Eric in Minnesota writes:
Is there a person, "George Sherwood," assigned to the Department of State, having Blackwater or other mercenary group employment or other ties? Yes/no? If "yes" could you post details.

Malen
|
Alabama, USA
October 9, 2007

Malen in Alabama writes:
The Press makes it seem like the security companies are just running around unsupervised. They almost always are charged with the protection of Americans needing meet and work with the people of Iraq. The work I did there with the reworking of the Fire Service would not have been possibe if not for men like them. Even then we lost people to IEDs and that was men from these companies also. Yes they get paid well but too many have had to die protecting those of us that needed to get out to do our work.

Ralph
|
Greece
October 10, 2007

Ralph in Greece writes:
Here's an idea. Hows about we let State do their investigation along with the FBI and stop convicting the Blackwater folks before the evidence is all in. I find it hard to believe that these professionals who are paid to protect the U.S. diplomats would "on purpose" just start shooting people. What would be the motive behind that? At any rate, I certainly find it more difficult to believe the Iraqi civilians eyewitnesses (who mostly hate us or at least are afraid of showing support for us) to be truthful when describing what really happened.

Again, let the professionals (i.e., FBI, State, DoD) do their investigations and let's leave "Monday Morning Quarterbacking" where it belongs...

Enza
|
New Jersey, USA
October 11, 2007

Enza in New Jersey writes:
I posted my comments below on another site, but after reading Sean's remarks, I thought my comments were more appropriate here:

In the past two weeks, I have read and watched all the information that I could obtain on the Oversight Committee hearings and private contracting. Thanks to archives, I have watched most if not all of the testimony.
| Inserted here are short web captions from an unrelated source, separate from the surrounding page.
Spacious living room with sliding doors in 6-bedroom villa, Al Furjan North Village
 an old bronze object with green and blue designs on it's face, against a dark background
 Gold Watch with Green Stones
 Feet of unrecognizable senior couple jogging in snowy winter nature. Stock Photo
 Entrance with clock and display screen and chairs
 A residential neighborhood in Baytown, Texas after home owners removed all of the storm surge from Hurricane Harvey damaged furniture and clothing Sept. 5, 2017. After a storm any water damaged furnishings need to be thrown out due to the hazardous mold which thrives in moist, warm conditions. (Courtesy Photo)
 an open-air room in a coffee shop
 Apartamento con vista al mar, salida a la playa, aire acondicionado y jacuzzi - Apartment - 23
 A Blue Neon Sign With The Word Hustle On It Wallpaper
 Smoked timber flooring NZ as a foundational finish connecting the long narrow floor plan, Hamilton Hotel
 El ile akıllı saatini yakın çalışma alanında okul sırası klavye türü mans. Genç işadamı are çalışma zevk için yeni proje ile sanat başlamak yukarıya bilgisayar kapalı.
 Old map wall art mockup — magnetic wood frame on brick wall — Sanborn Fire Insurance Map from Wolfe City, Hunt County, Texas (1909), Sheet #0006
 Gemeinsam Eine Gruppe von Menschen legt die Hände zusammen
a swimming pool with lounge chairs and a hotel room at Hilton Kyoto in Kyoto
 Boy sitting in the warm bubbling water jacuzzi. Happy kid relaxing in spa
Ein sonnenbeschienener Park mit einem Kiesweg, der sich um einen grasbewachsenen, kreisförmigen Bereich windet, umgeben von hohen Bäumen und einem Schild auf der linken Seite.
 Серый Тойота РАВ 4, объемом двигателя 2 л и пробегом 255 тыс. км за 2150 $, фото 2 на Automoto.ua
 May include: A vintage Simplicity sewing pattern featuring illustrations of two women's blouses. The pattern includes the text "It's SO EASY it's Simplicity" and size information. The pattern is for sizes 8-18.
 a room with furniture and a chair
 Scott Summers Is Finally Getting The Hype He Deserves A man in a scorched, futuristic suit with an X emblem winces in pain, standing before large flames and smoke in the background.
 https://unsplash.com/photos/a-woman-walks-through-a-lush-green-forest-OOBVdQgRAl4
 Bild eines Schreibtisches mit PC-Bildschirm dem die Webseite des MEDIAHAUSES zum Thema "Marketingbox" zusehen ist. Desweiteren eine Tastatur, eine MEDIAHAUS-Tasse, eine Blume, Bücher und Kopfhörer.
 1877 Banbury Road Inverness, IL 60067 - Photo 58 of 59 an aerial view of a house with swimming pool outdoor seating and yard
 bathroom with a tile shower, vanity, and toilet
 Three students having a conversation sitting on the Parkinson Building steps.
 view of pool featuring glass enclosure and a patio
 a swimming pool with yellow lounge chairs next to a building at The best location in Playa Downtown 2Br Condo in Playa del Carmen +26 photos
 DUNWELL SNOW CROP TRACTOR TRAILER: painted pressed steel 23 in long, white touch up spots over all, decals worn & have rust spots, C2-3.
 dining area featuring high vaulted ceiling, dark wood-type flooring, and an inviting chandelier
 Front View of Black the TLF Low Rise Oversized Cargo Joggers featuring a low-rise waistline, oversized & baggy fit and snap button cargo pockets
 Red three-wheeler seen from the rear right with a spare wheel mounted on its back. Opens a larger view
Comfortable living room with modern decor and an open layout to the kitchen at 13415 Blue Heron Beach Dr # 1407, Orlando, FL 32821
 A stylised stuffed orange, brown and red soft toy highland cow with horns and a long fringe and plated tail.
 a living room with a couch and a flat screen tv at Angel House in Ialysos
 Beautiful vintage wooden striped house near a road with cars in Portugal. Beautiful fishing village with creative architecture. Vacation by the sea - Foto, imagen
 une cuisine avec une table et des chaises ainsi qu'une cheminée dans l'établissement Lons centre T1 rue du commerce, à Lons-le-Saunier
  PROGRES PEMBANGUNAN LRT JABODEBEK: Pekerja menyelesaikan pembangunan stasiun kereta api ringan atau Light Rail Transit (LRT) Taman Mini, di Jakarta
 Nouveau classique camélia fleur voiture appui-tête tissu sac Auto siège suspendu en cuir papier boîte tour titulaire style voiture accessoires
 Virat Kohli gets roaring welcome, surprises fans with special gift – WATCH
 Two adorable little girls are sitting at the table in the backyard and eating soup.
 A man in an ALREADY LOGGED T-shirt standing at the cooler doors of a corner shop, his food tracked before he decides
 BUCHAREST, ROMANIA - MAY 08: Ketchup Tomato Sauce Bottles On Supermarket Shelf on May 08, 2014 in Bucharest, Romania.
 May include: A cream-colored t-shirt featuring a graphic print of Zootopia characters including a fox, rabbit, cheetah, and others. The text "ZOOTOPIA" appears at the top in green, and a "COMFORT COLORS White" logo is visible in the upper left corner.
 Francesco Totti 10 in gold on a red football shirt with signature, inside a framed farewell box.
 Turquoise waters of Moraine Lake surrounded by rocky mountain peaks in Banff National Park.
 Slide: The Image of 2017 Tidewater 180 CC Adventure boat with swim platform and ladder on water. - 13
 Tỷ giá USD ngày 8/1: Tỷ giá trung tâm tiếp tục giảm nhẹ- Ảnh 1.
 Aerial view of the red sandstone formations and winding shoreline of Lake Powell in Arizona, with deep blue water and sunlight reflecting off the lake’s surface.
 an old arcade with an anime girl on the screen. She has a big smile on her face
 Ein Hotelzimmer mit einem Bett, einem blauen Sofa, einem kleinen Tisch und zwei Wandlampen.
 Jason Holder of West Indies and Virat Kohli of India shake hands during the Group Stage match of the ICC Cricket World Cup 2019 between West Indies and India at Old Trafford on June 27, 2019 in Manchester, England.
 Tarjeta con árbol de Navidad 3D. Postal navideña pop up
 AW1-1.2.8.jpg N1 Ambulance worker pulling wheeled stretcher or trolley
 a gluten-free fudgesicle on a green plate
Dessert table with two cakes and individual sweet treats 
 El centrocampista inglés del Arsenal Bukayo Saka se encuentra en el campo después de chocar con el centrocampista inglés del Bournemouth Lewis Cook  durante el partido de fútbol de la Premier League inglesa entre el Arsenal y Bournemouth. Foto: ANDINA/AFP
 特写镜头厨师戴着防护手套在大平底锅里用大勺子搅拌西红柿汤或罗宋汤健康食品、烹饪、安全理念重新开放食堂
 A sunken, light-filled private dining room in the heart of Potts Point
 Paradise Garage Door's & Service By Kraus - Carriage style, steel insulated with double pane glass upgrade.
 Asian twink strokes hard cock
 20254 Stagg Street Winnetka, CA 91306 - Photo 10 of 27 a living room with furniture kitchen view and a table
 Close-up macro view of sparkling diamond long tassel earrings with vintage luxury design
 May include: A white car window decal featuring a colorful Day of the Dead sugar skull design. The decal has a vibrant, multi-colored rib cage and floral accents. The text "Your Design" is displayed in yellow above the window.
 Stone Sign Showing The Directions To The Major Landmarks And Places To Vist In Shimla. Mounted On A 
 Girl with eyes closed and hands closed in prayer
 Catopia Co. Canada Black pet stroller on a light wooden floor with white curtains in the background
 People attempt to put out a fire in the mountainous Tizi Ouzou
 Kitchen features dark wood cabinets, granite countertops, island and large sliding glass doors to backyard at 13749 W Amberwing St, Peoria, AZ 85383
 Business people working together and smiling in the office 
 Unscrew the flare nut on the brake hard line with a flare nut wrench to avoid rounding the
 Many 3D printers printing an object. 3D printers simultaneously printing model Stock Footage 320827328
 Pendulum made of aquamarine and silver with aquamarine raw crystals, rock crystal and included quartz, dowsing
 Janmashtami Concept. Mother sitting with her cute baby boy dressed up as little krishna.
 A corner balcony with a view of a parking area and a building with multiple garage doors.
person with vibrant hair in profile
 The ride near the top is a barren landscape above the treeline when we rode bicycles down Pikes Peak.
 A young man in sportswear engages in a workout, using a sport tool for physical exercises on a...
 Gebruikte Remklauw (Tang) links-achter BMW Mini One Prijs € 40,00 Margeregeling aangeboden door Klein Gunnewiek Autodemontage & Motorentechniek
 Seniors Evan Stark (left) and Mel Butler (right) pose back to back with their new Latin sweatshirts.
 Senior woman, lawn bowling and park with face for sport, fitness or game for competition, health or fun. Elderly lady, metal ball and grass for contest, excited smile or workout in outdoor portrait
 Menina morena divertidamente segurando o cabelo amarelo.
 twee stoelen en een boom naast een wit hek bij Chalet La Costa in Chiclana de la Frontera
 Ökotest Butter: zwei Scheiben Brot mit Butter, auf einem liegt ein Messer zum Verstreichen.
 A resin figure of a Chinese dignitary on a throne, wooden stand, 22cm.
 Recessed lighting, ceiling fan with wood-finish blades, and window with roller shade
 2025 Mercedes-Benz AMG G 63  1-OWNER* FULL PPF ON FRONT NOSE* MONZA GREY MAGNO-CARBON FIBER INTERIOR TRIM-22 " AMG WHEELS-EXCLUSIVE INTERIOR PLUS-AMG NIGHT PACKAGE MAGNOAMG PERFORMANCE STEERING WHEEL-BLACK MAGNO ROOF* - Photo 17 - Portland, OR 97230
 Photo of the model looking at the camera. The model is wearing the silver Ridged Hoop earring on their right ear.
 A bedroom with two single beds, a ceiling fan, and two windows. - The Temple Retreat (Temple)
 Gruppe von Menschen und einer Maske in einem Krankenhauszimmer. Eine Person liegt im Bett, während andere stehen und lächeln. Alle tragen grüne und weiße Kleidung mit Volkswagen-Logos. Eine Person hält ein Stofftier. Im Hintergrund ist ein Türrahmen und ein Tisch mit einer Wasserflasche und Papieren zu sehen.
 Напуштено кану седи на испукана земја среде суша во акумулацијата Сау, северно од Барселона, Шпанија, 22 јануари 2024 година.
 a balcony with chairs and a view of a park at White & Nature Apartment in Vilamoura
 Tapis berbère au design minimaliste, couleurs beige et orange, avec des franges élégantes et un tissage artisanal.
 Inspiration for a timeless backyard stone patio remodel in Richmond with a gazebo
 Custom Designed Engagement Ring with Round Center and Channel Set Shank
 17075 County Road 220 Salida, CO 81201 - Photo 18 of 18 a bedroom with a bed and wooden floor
I do not understand what the Committee is supposed to be investigating. The investigation seems to morph into a "cause de jour."

I do not mean to be insensitive, but why are the committee members more concerned about investigating dead Iraqis (who they claim Blackwater contractors killed) than the four dead americans that Iraqis killed in 2004? Why were the murders of the four dead Americans at the hands of the Iraqis not investigated? There is plenty of footage, why were the persons responsible in Iraq not brought to trial?

Also, how can the Oversight Committee members insist that the Blackwater contractor who was involved in the 2006 shooting of the Iraqi guard should have stayed in Iraq for Iraqi "justice" when the Iraqi official who was investigating government corruption was forced to seek asylum in US because of the corruption? Does anyone believe the contractor would have gotten a fair trial?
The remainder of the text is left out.